Do we get to pick teams


----------



## Rebel17 (Aug 23, 2011)

Yea, i really dont get it that much? any one want to clear it up for me?


----------



## N7709K (Dec 17, 2008)

whats handicap?


----------



## outdoorkid1 (Nov 20, 2010)

I'll play


----------



## Michaela MMM (Nov 29, 2011)

I might play if things could be explained a little better...


----------



## 60XBowhunter (Jul 15, 2011)

im interested if you clear things up


----------



## outdoorsman3 (Nov 15, 2010)

lol I suck at shooting paper, Ill sit this one out.


----------



## N7709K (Dec 17, 2008)

you can either sign up in individual, two-man or four-man teams... 

dibs on dylan, lol


----------



## Mathewsju (Jan 19, 2008)

Darnit Jake!
I'll put a dibs on Kyle (super*)


----------



## N7709K (Dec 17, 2008)

who you want for a 4th man josh?


----------



## Mathewsju (Jan 19, 2008)

No fourth man. Kyle and I will stick with our usual tag team combo lol


----------



## Michaela MMM (Nov 29, 2011)

I guess I'll sing up... I should email the guy, right? And does anyone wanna be on a team with me or am I stuck doing individual? Haha


----------



## 60XBowhunter (Jul 15, 2011)

i got bowpredator if i wants to be in on this


----------



## 60XBowhunter (Jul 15, 2011)

michaela MMM u can be on me and bowpredator's team


----------



## Michaela MMM (Nov 29, 2011)

Alright sounds good to me.


----------



## Assassin73 (Apr 18, 2011)

I am in!

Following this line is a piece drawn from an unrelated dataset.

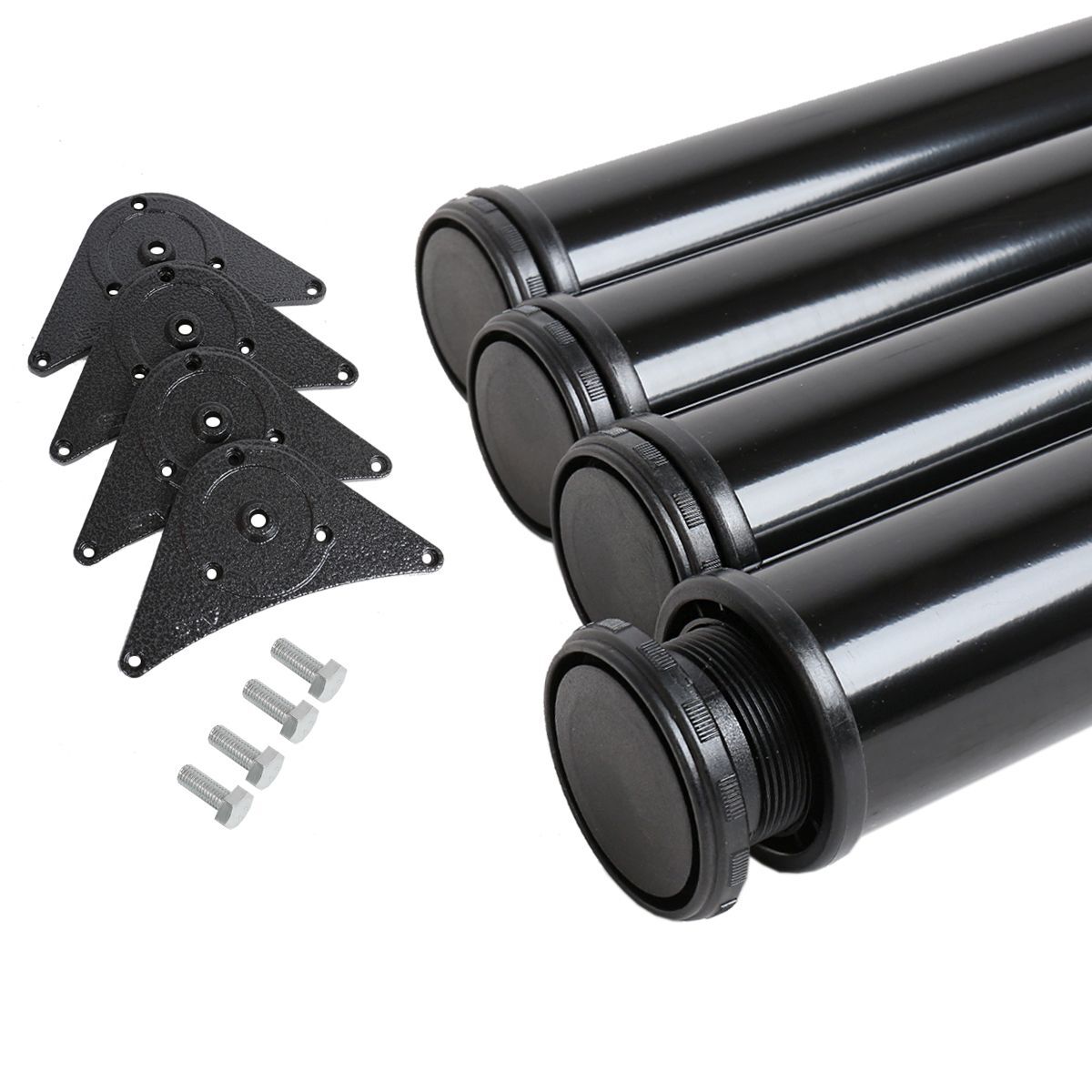 Runde Tischbeine | 4er Set | Höhenverstellbar 71 - 74 cm | ø 6 cm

Do I send an email or am I good to go?


----------



## Michaela MMM (Nov 29, 2011)

60xbowhunter, don't we need another person on our team?


----------



## 60XBowhunter (Jul 15, 2011)

bowpredator is working on that one


----------



## Michaela MMM (Nov 29, 2011)

Okay. I'm gonna email the guy tomorrow and ask him a few questions and I guess if bowpredator gets the other person we need, I'll register for us? not really sure how to go about this...


----------



## Bow Predator (Oct 19, 2010)

Im in! Workin on the 4th person.


----------



## wolfeman (Dec 3, 2010)

outdoorsman3 said:


> lol i suck at shooting paper, ill sit this one out.


x2!


----------



## Rebel17 (Aug 23, 2011)

I got Gunner on this if im in on it...


----------



## underdog145 (Dec 6, 2009)

N7709K said:


> who you want for a 4th man josh?


Am I not good enough for your team? haha.


----------



## N7709K (Dec 17, 2008)

well bridge, idk if you were gonna do this... lol you me aaron and dylan?


----------



## outdoorsman3 (Nov 15, 2010)

N7709K said:


> well bridge, idk if you were gonna do this... lol you me aaron and dylan?

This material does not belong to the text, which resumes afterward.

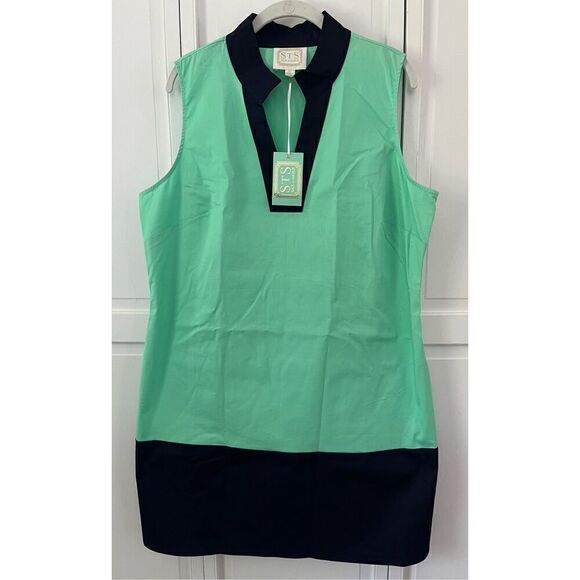 NEW Sail To Sable Sleeveless Shift Dress SeafoamMint Green Navy Size ExtraLarge - Picture 1 of 12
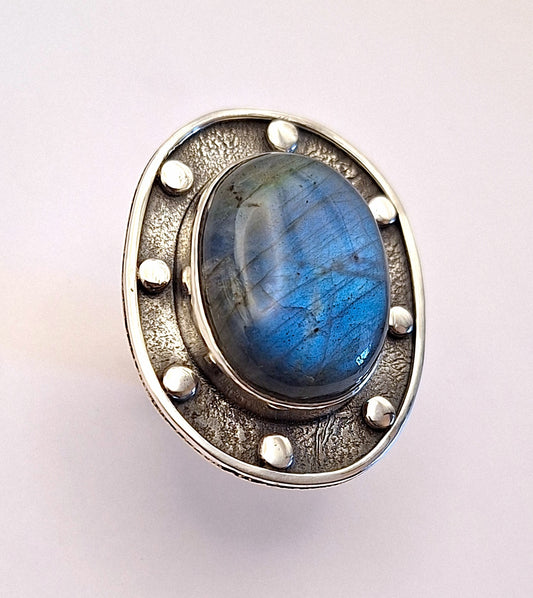 Anillo Labradorita tachas XL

that 4 man group could beat any other 4 man group on this whole site I bet..


----------



## Sighting In (Feb 5, 2009)

I'm sitting this one out. Need to focus on my FITA and Vegas games.


----------



## 12-RING SHOOTER (Jul 27, 2010)

N7709K said:


> well bridge, idk if you were gonna do this... lol you me aaron and dylan?


I'm in


----------



## underdog145 (Dec 6, 2009)

I'll play with you guys. I need to force myself to shoot more five anyways. haha. I usually shot vegas games until the week before louisville so this might help keep me sharp.


----------



## Michaela MMM (Nov 29, 2011)

N7709K said:


> well bridge, idk if you were gonna do this... lol you me aaron and dylan?

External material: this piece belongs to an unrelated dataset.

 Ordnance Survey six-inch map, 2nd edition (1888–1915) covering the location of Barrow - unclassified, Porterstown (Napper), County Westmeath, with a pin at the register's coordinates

I'm a little afraid to shoot against you guys... I think we'll all get our tails whipped. Lol


----------



## 60XBowhunter (Jul 15, 2011)

no i dont think we will get whipped.


----------



## Bugs Bunnyy (Aug 2, 2010)

The only reason I'm not joining is cause they are all on a team.


----------



## N7709K (Dec 17, 2008)

its handicapped so its not really of an advantage to be super good


----------



## Bugs Bunnyy (Aug 2, 2010)

but still im not very good...


----------



## twn417 (Jun 1, 2007)

Ill play....


----------



## string snapper (Jun 30, 2011)

Im in, anyone want to be on my team??? and could you use your scores from legue i shoot 5 spot every thursday and i was just wonderin if i could use those scores for this?


----------



## super* (Jan 26, 2008)

Mathewsju said:


> No fourth man. Kyle and I will stick with our usual tag team combo lol


Hella yeah! that sounds like a plan to me. 58-59x team average:wink:


----------